Kaiser, a major Obama bundler and backer who raised $50,000 to $100,000 for the president's election campaign, was one of Solyndra's primary investors. Kaiser himself donated $53,500 to Obama's 2008 election campaign, split between the DSCC and Obama for America.
In a March 5 email, Kaiser wrote to Solyndra board member Steve Mitchell: "BTW, a couple of weeks ago, when Ken and I were visiting with a group of Administration folks in DC who are in charge of the stimulus process (White House, not DOE) and Solyndra came up, every one of them responded simultaneously about their thorough knowledge of the Solyndra story, suggesting it was one of their prime poster children."
"Ken" is Ken Levit, executive director of the Kaiser Family Foundation, who wrote the following in an email to Mitchell on Feb. 27, 2010: "They about had an orgasm in Biden's office when we mentioned Solyndra."
If Chu was keeping the taxpayer in mind, why was the loan restructured so Solyndra's private investors were moved to the front of the line and taxpayers were put on the hook for at least the first $75 million if the company should default? This arrangement, subordinating taxpayers to private investors, is an "apparent violation of the law," according to Rep. Fred Upton, R-Mich., chairman of the House Energy and Commerce Committee.
Chu told the committee that restructuring "improved the chance of recovering taxpayer money by giving the company a fighting chance at success, with a completed plant as collateral." The decision also meant continued employment for the company's approximately 1,100 workers, he said.

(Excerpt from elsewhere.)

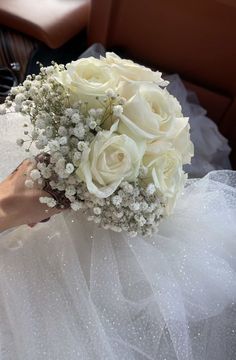 a bride's bouquet with white roses and baby's breath is on her wedding day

Yet when asked how much money taxpayers might get back, Chu said: "Well, that remains to be seen. I'm anticipating not very much." The 1,100 Solyndra workers Chu said he was trying to keep have lost their jobs anyway.
According to Chu, the "Solyndra transaction went through more than two years of rigorous technical, financial and legal due diligence," a statement that ignores the warnings from accounting firm PricewaterhouseCoopers that Solyndra and its business model were not viable.
Due diligence? Emails showed White House officials repeatedly asking the Office of Management and Budget on the loan review's progress. One email from a budget official referred to "the time pressure we are under to sign off on Solyndra" and referred to "a situation of having to do rushed approvals." They were under pressure to approve the loan so Vice President Biden could make the grand photo-op announcement.
"This deal is NOT ready for prime time," one budget analyst wrote in a March 10, 2009, email. Another message — dated Aug. 31, 2009, written by an OMB staffer and sent to Terrell P. McSweeney, Biden's domestic policy adviser — concluded, "We would prefer to have sufficient time to do our due diligence reviews." In fact, they were not done prior to President Obama's visit to the beleaguered firm.
There was no due diligence done in the awarding of taxpayer dollars to a firm everybody knew had an unsustainable business model in an industry largely kept afloat by taxpayer subsidies. Political considerations and donor cash had everything to do with the loan.